Pour Mme Charlebois, le problème n’est pas budgétaire : les coupes de 20 millions imposées l’an dernier se sont faites « dans l’administration » et 58 millions ont été ajoutés dans les services.

Elle n’a que des bons mots pour la loi 10 qui a fusionné les établissements de santé. Pour M. Lebon, les centres jeunesse ne sont pas une priorité dans les nouveaux CISSS et CIUSSS. « Moi, ce qu’on me dit sur le terrain, c’est autre chose », a réagi Mme Charlebois.

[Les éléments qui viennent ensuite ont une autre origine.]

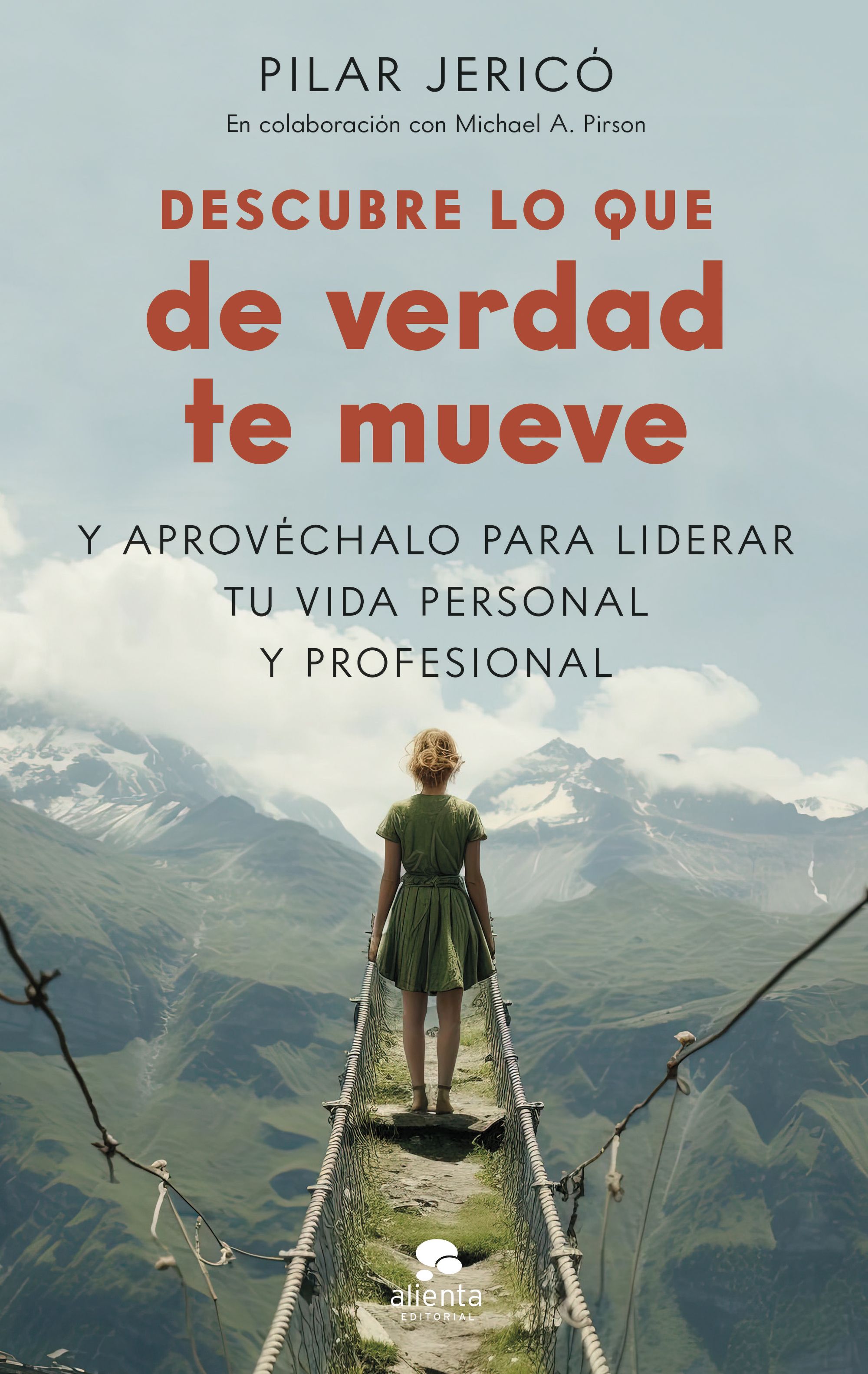 Descubre lo que de verdad te mueve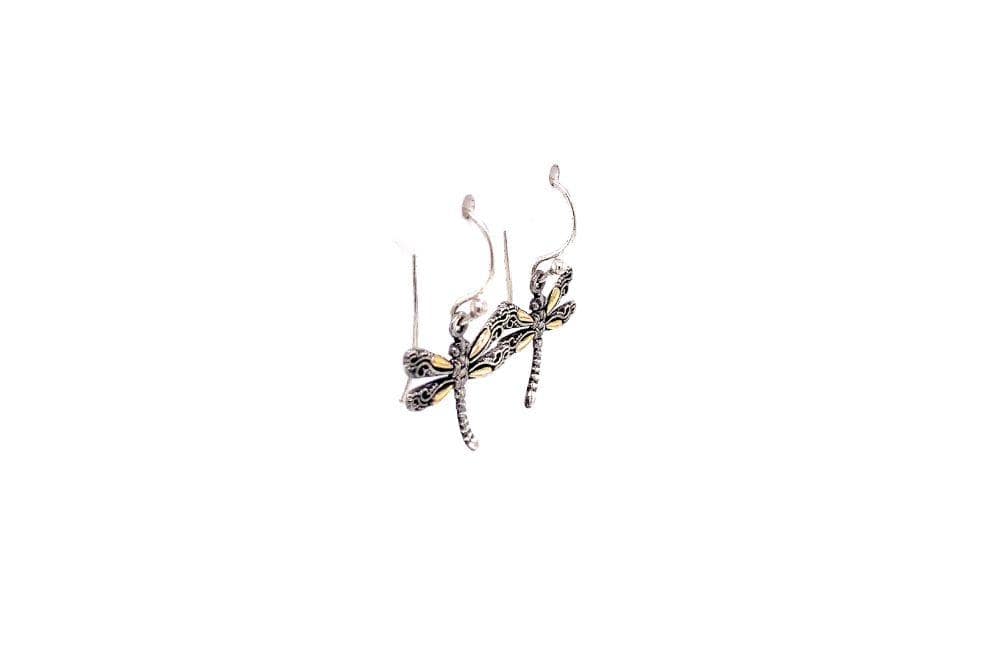 Capung Earrings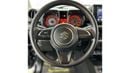 Suzuki Jimny 2021 Suzuki Jimny, July 2028 Suzuki Warranty, Full Suzuki Service History, GCC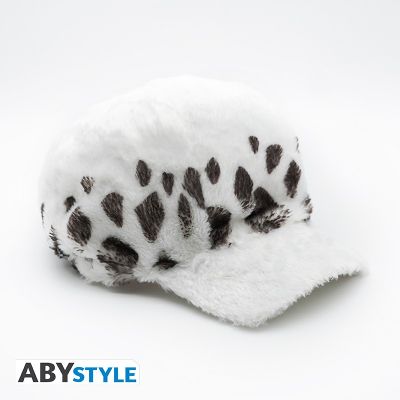 ONE PIECE - Casquette cosplay Trafalgar  Law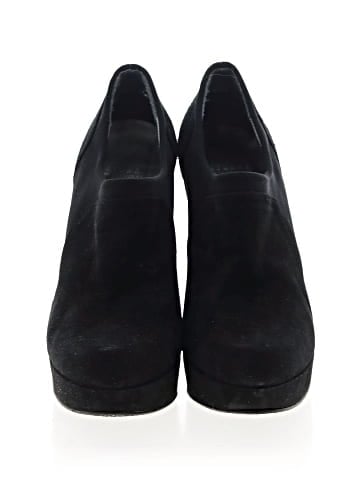 Stuart Weitzman Mule/Clog (view 2)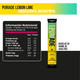 thumbnail image 2 of PuriADE- Isotónica sabor Limón 6g. / Caja 48 sachets, 2 of 3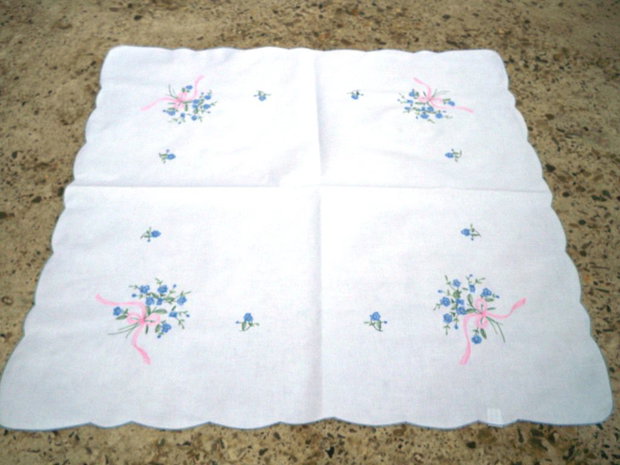 Broderie 40
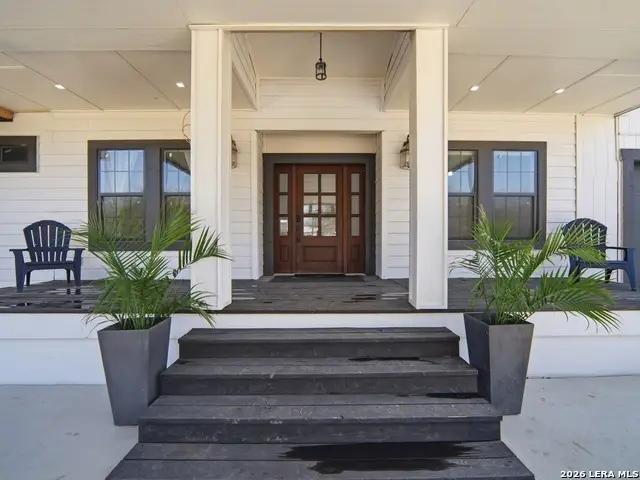 19320 Leal St, San Antonio, TX 78221 - #1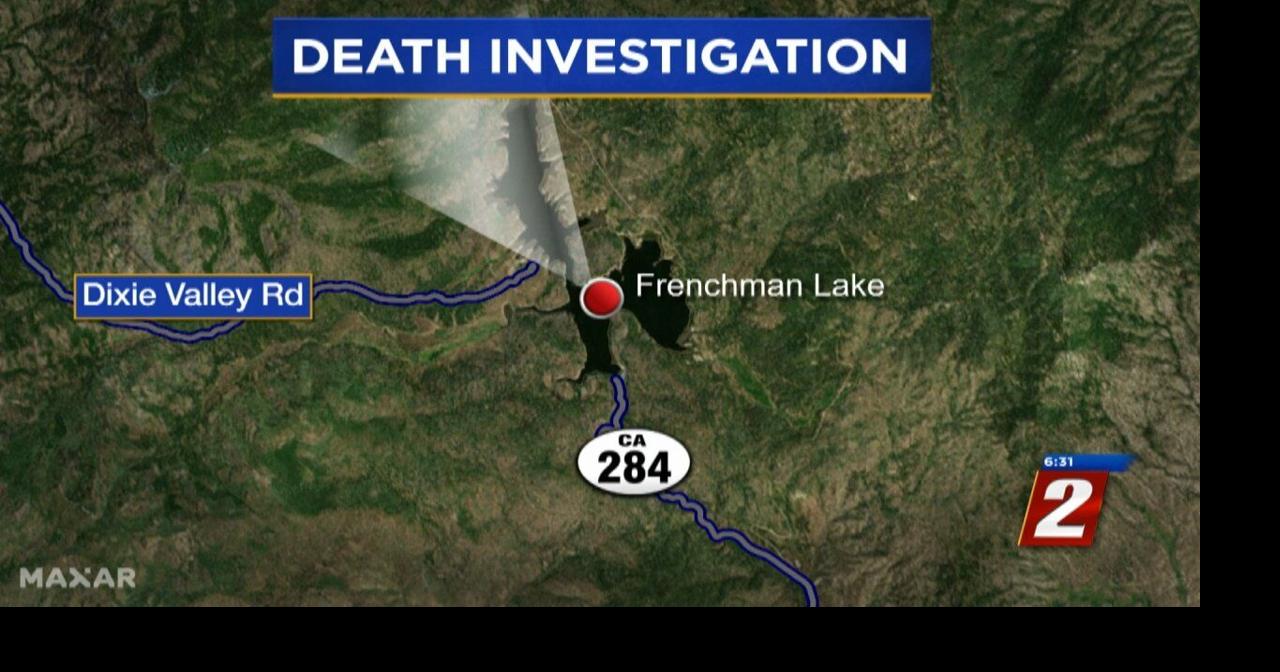 Michigan Man Dies After Paddle Boarding Incident On Frenchman Lake
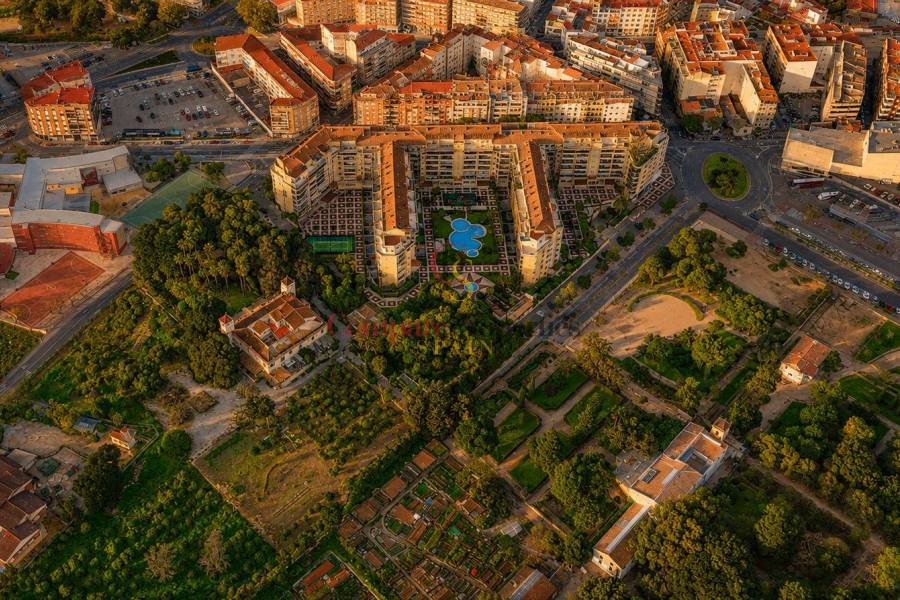 Sale - Apartment - Dénia - 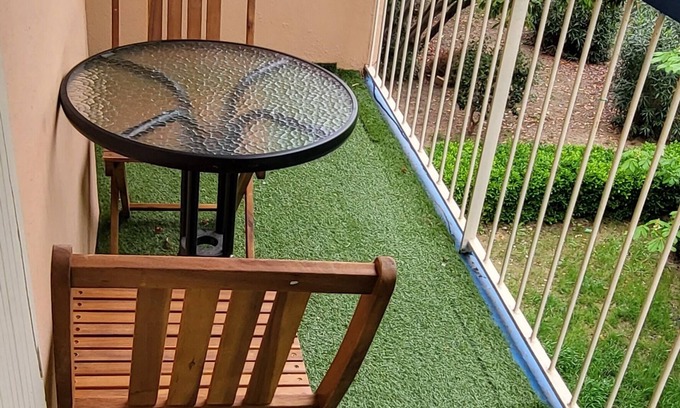 Beziers Apartment | Appartement Spacieux Avec Parking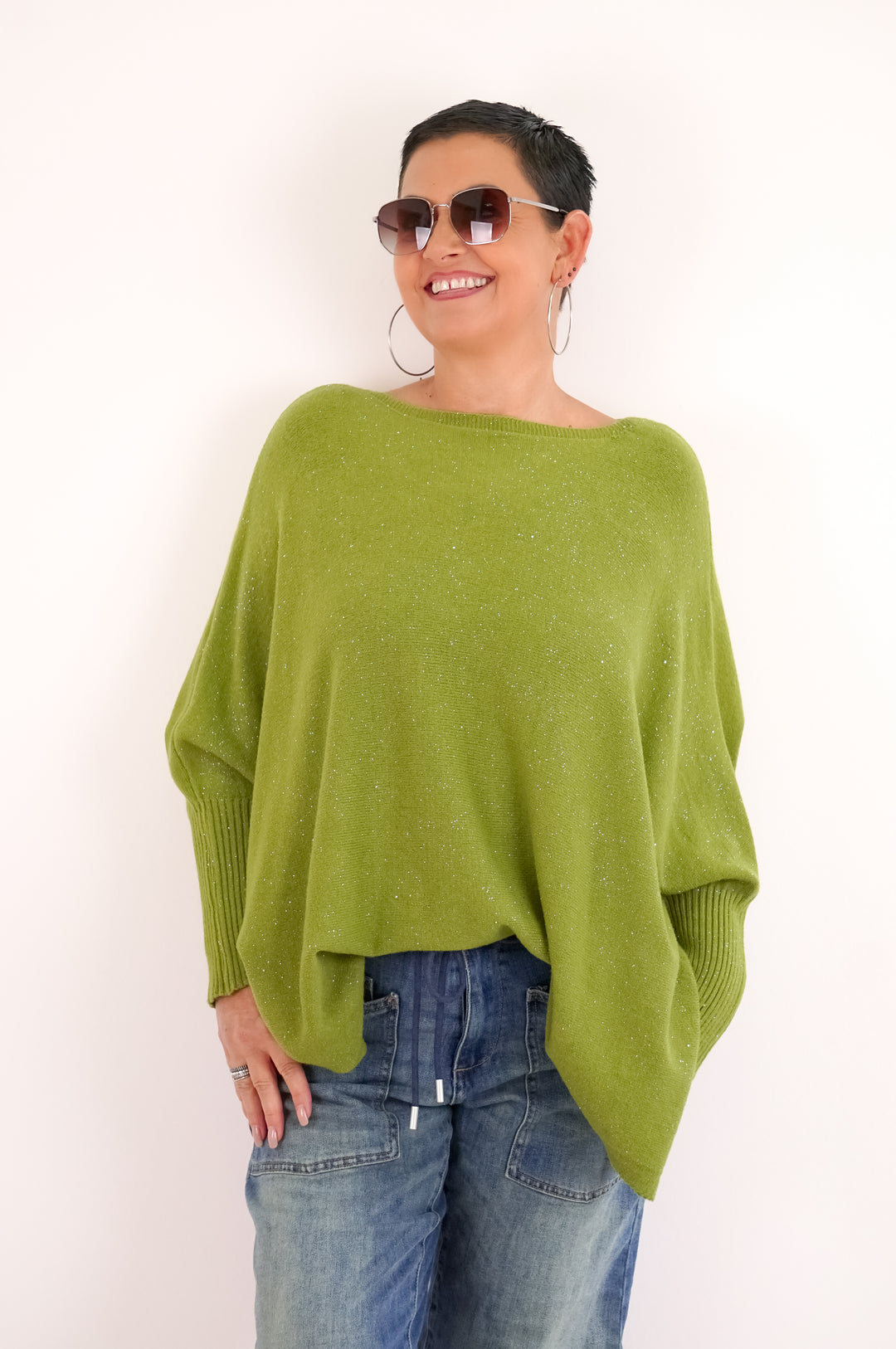 Susanne 172cm • Gr.40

Tous les intervenants du réseau sont « tellement contents de travailler ensemble », selon elle.

Elle reconnaît toutefois qu’« il y a lieu d’améliorer » le taux de roulement du personnel. « Il y a un glissement là, et c’est quelque chose qu’il va falloir regarder pour que le jeune puisse avoir un lien d’attachement plus insistant. »

LISÉE POUR DES ÉTATS GÉNÉRAUX

En conférence de presse, le député péquiste Jean-François Lisée, porte-parole en matière de services sociaux, a appuyé la tenue d’états généraux, susceptibles selon lui de corriger le « déficit de compassion » du gouvernement Couillard.

André Lebon « a décidé de libérer sa parole complètement et de dire que le système des centres jeunesse est en crise, et c’est ce que nous disons depuis deux ans », a-t-il ajouté. 

« Le problème des fugues, du manque de suivi, du roulement de personnel, ce sont des symptômes d’une crise grave qui a plusieurs causes, […] mais c’est clair que le gouvernement Couillard a aggravé les choses ».

— Le député péquiste Jean-François Lisée

Jean-François Lisée demande ainsi au gouvernement d’annuler les coupes de 20 millions de dollars par année qu’il a imposées l’an dernier et de retourner ces sommes « dans les 24 heures » aux centres jeunesse. Gaétan Barrette doit également présenter un « amendement immédiat » à sa loi 10 qui a fusionné les établissements de santé. Les centres jeunesse doivent retrouver leur autonomie, a plaidé M. Lisée.

La Coalition avenir Québec, qui appuie la tenue d’états généraux, demande que le premier ministre Philippe Couillard prenne en main le dossier des centres jeunesse. Lucie Charlebois (Services sociaux) et Martin Coiteux (Sécurité publique) ont « échoué » selon le parti de François Legault.